10.緊急チームのたゆみない作業にもかかわらず、まだ瓦礫の下の死体をすべて引き上げたわけではなく、救助のため全都市部に手を伸ばすこともできないし、腐ってばらばらになった死体を引っぱり出すこともできません。そのため、ひどい悪臭がファルージャ郊外を越えて広がろうとしています。これは、市民が断言したように、米兵がファルージャを侵攻しながら、多数の家族を死へと追いやったことを証明しています。民間人の死体は、家屋内で、特に二つの橋の間の地域で射殺されて見つかり、年齢のまったく異なる、男性、女性、若者、老人、男女の子供たちです。その上、二体が、頭部を切断されて発見され、頭部はそれぞれの身体にくっつけてありました。市民の要求にもかかわらず、米兵は死体を片付けることを誰にも許可しませんでしたが、このことについて話すのは、重要なことです。

11.ファルージャの通りで、殉教者の死体が犬に食べられる場面は、メディアを通じて広く知れわたるようになりました。不注意にも死体を収容せず、通りと空き家内に寝かせたままにしたのは米軍で、彼らによる別の犯罪の明らかな証拠です。これは、あらゆる人権法と価値観に対する重大な違反行為の憂慮すべき証拠でもあります。この恐ろしい光景には、人間の良心を持つ人なら誰もが怒りを覚えますが、ブッシュ、ブレア、アラウィ、そして同種の吸血鬼どもの心を動かすことはありませんでした。

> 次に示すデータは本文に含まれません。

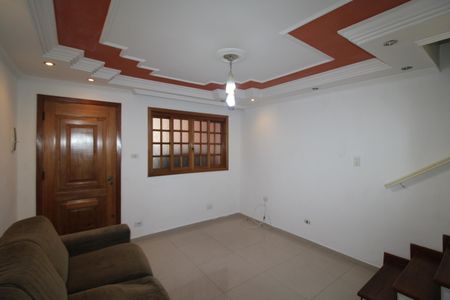 Casa à venda com 100m², 4 quartos e sem vagaSala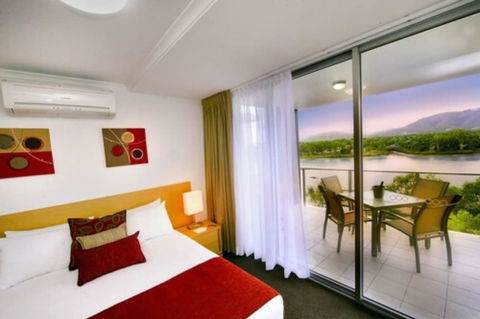 The Edge Apartment Hotel - Hotel Accommodation 5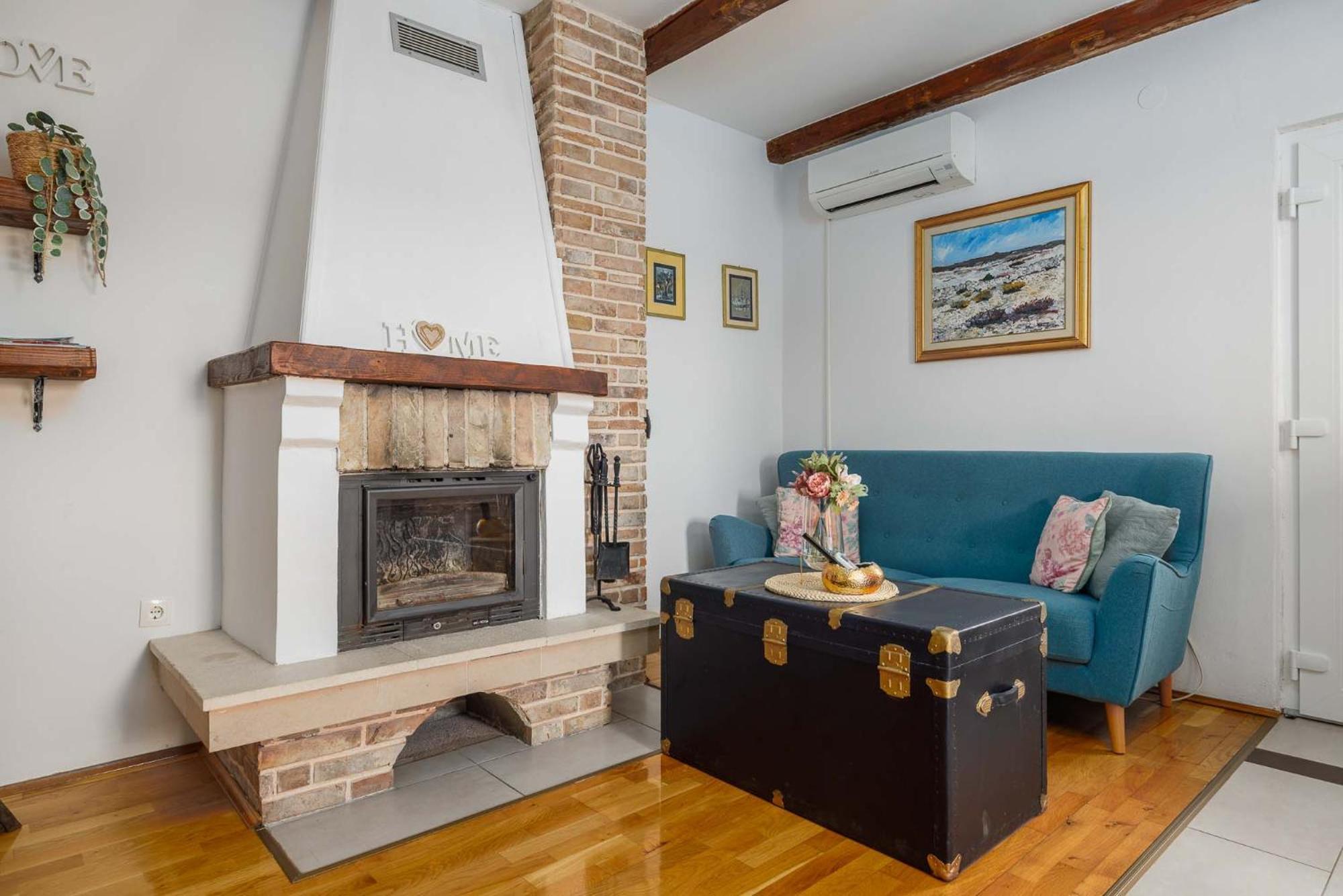 Apartment Marina Kornic Luaran gambar
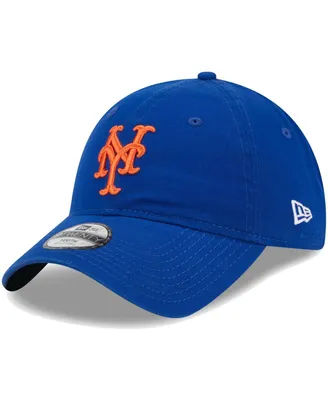 Little Boys and Girls New Era Royal New York Mets Team 9TWENTY Adjustable Hat
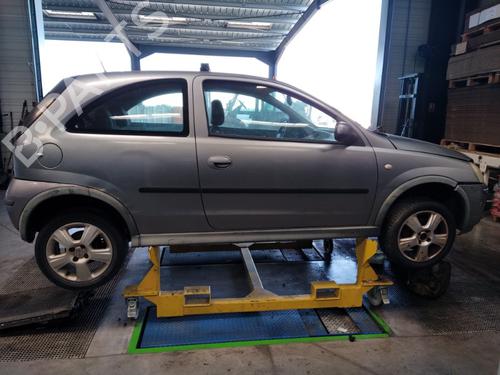 Switch OPEL CORSA C (X01) 1.3 CDTI (F08, F68) | BP25360079I30 - Image 5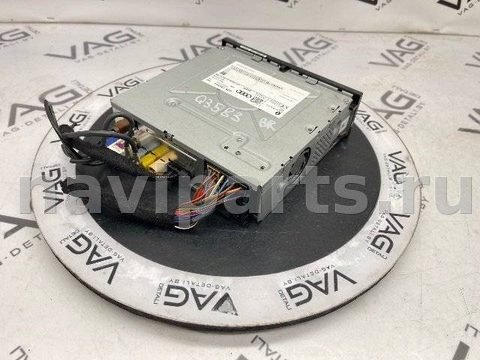 Блок мультимедиа Audi Q3, 2019 г., OEM 83A035844, арт. 153934777, фото 4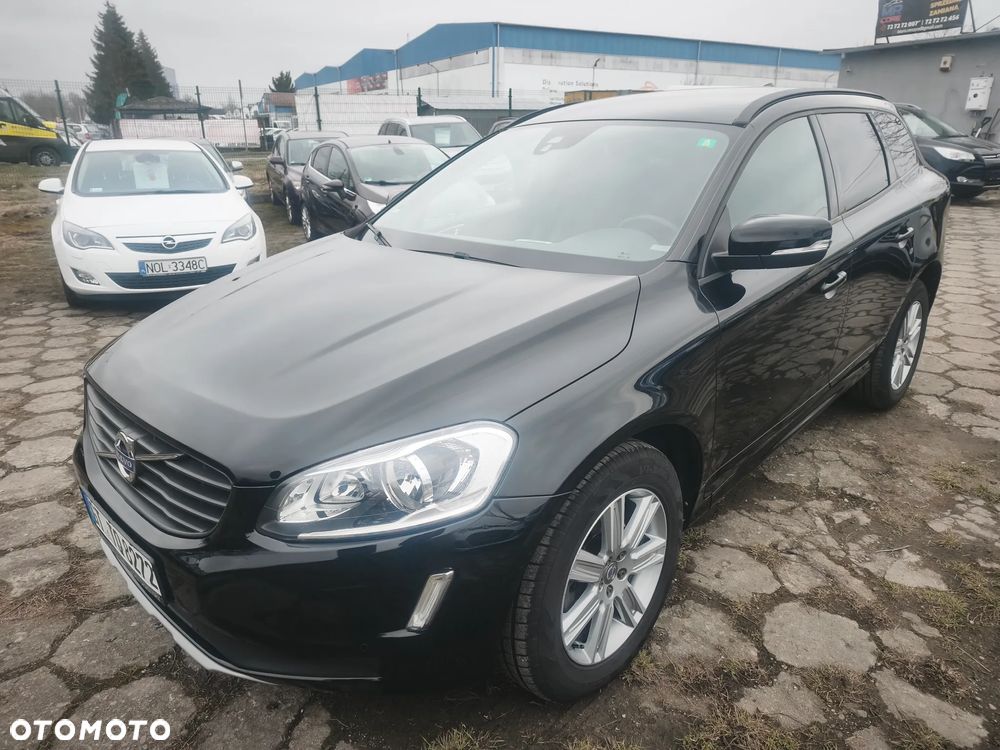 Volvo XC 60 D3 Geartronic Kinetic - 1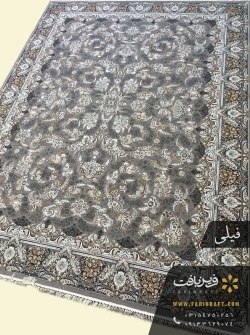 فرش طرح آترین 700 شانه فرین بافت کد 306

12.この報告書の日付までに、36以上のモスクが完全に破壊され、さらに24のモスクが一部壊されました。これにより、米軍が宗教と文明国の価値観に対してどれだけの反感を抱いているかがわかります。彼らは盲目さゆえに、ファルージャの宗教シンボルをも憎悪するのです。

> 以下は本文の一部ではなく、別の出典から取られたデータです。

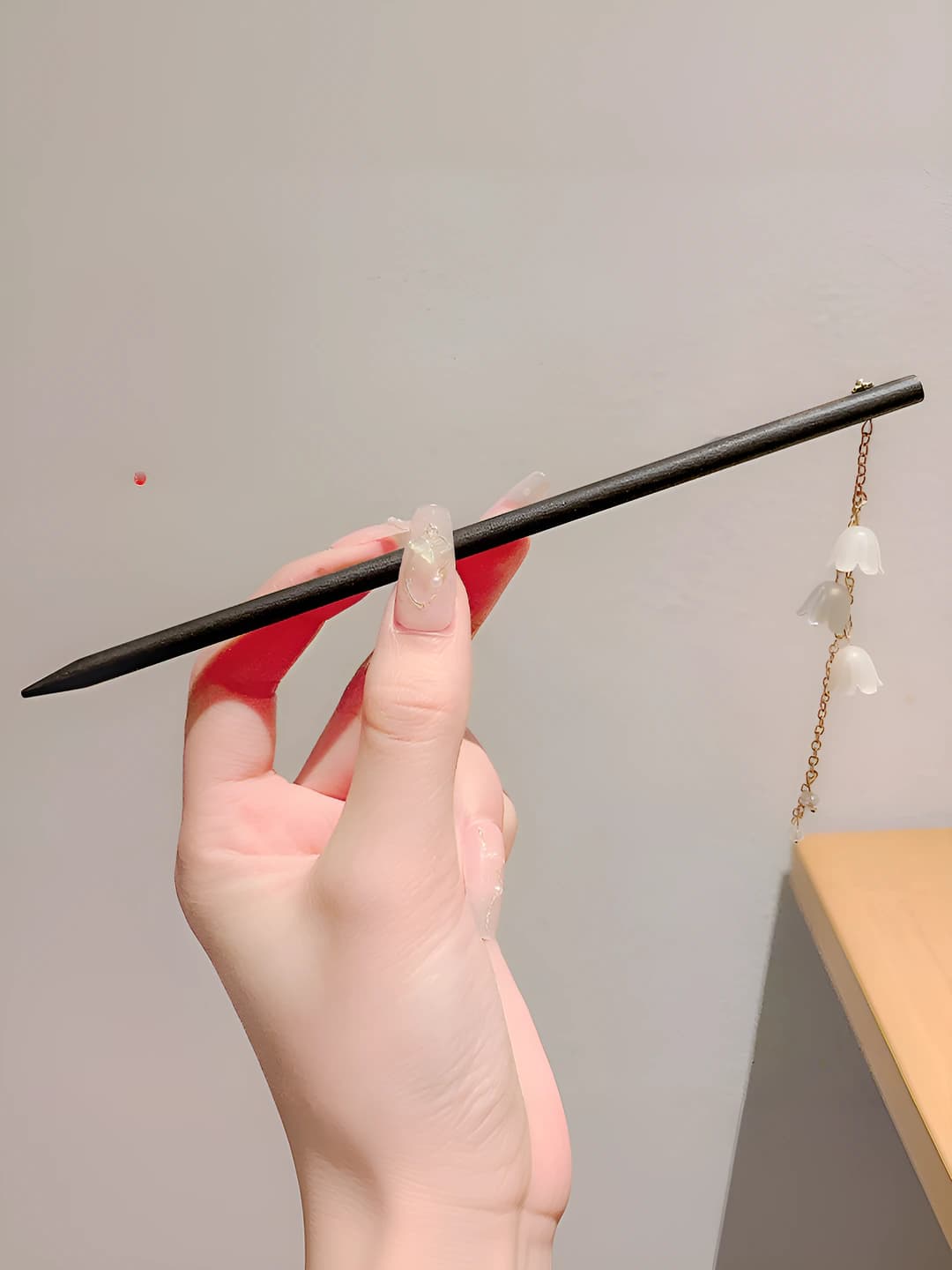 6# Plain hairpin - city motion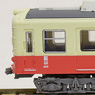 鉄道コレクション 高松琴平電気鉄道 1080系 (旧塗装) (2両セット) (鉄道模型)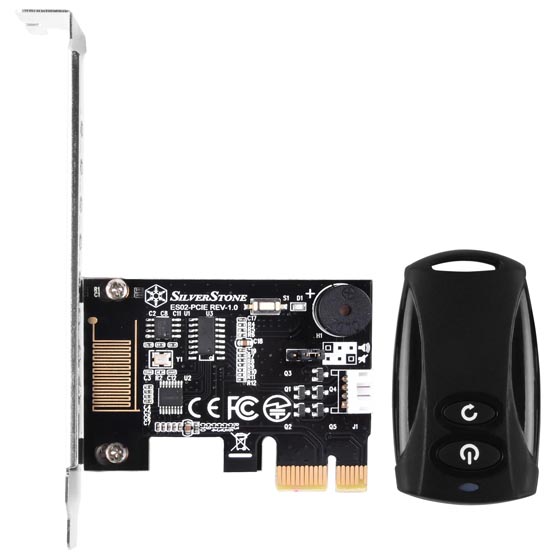 電源&リセットスイッチ無線リモコン化キット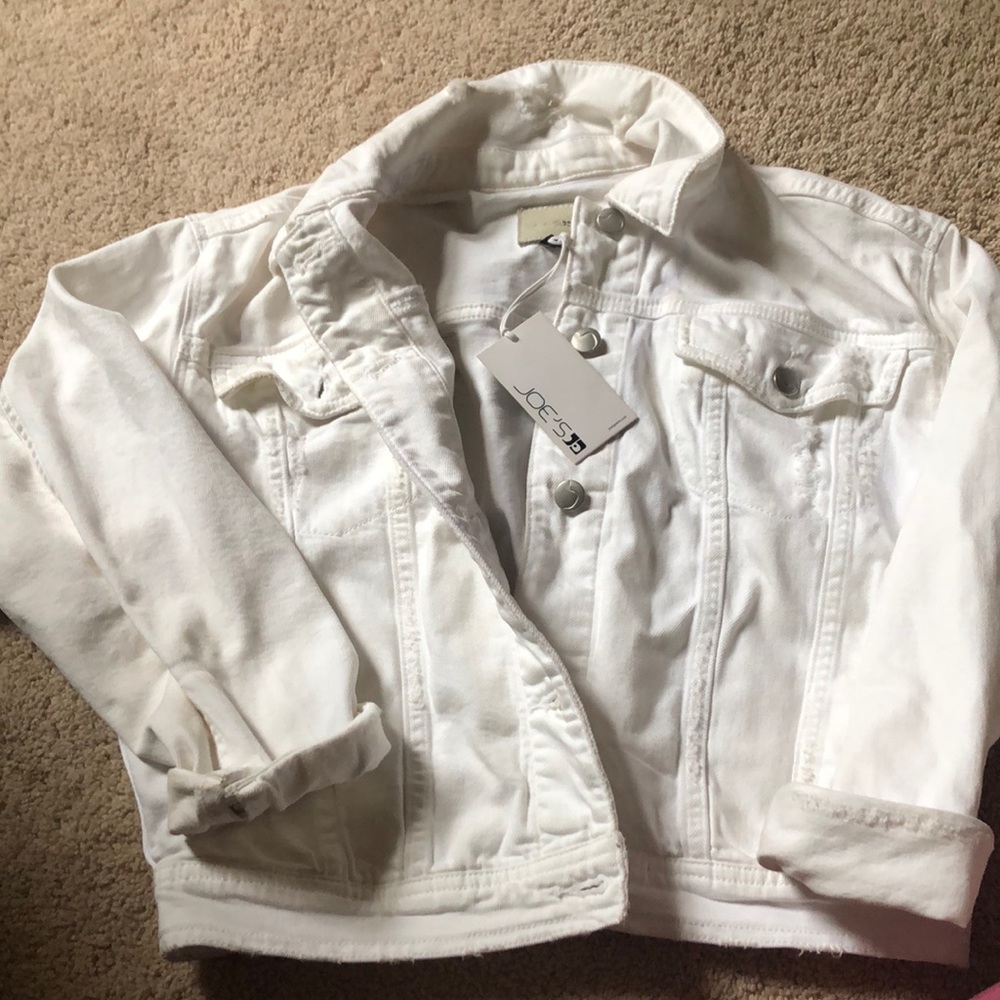 SHIPS TODAY! 🔴 Brand new joes Jeans jacket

13.ファルージャでの戦争犯罪を隠す米軍によるひどい企てでは、死体を埋葬するためにやって来た何人かのボランティアが断言しているのですが、ファルージャでの戦争犯罪を隠す米軍による非道な企てにより、米軍と行動をともにしている報道記者達は、数珠のように並べられた死体とか、なぜ殺害されたかについて疑問を抱かせるような場所の写真を撮らせてもらえないそうです。写真を撮ったのは、死体を大きな袋に入れた後のことだけでした。

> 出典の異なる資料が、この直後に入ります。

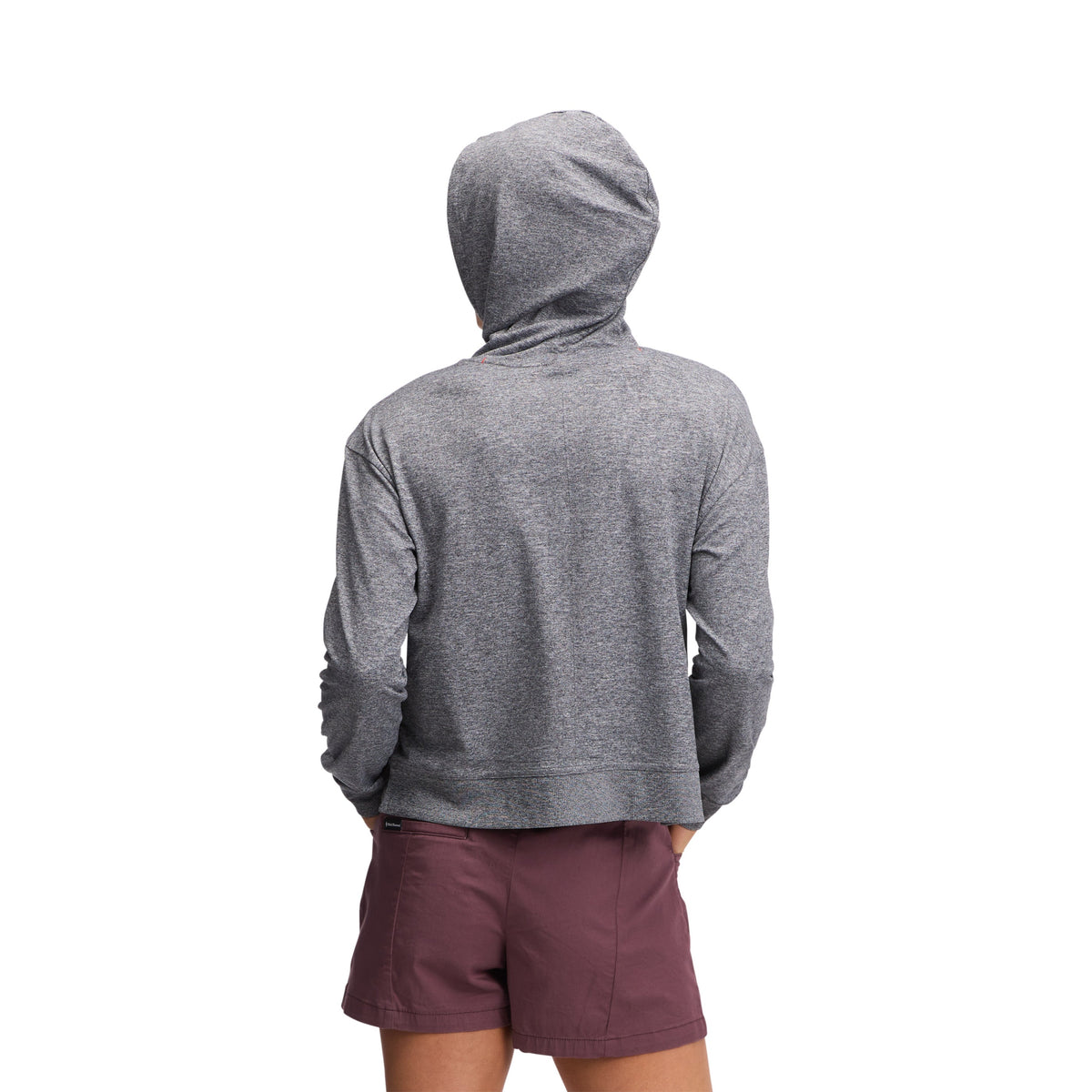 Anthracite ~ Model is 5' 8" | Chest 34" | Waist 28" | Size Small/6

14.ファルージャ市に降りそそいだ破壊は巨大で、途方もないものです。依然として、ファルージャ市民に対して、しつこく集団的な懲罰の姿勢を示され、実行されています。つまり、所有者が市外へと避難した住宅を、故意に破壊するのです。

15.侵攻の始まりから今まで、駐留軍は通信装置や自家用車ばかりでなく、ファルージャ内の警察署および全部署のスタッフの武装解除を行いました。これは明らかに、法と秩序を守る司法と治安部隊の役割を取り除こうとするばかりでなく、意図的に無力化して封じ込めようとしているようなものです。また、米国駐留軍が治安が維持するとの口実で、市内に留まる明らかな企みでもあるのです。

16.目撃者によると、いわゆるイラク国家警備隊は公用車を使って、住宅と商店で窃盗をはたらき、強奪していたと、断言しました。そして彼らは、バグダッド周辺およびその他の場所で強奪品を売りさばいたのですが、これも米軍とイラク当局の知る所であり、同意して行われたのです。あたかも彼らに与えられた報酬か戦利品かのようです。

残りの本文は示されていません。